» **DIRECTIONS FOR THIS TASK**
Quote the entries below from the line with "Used 2023 Hyundai Sonata SE FWD image 23" through the line with "40807_Пехотинец Пьер", both ends included, and only those lines.

» **MATERIAL PROVIDED**
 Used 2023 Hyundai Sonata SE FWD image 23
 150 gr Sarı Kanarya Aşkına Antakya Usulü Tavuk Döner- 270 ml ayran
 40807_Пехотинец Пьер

* * *

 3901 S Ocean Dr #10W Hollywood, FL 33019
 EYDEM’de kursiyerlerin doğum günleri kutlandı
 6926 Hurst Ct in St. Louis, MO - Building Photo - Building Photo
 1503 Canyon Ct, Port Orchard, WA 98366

» **EXERCISE SOLUTION**
 Used 2023 Hyundai Sonata SE FWD image 23
 150 gr Sarı Kanarya Aşkına Antakya Usulü Tavuk Döner- 270 ml ayran
 40807_Пехотинец Пьер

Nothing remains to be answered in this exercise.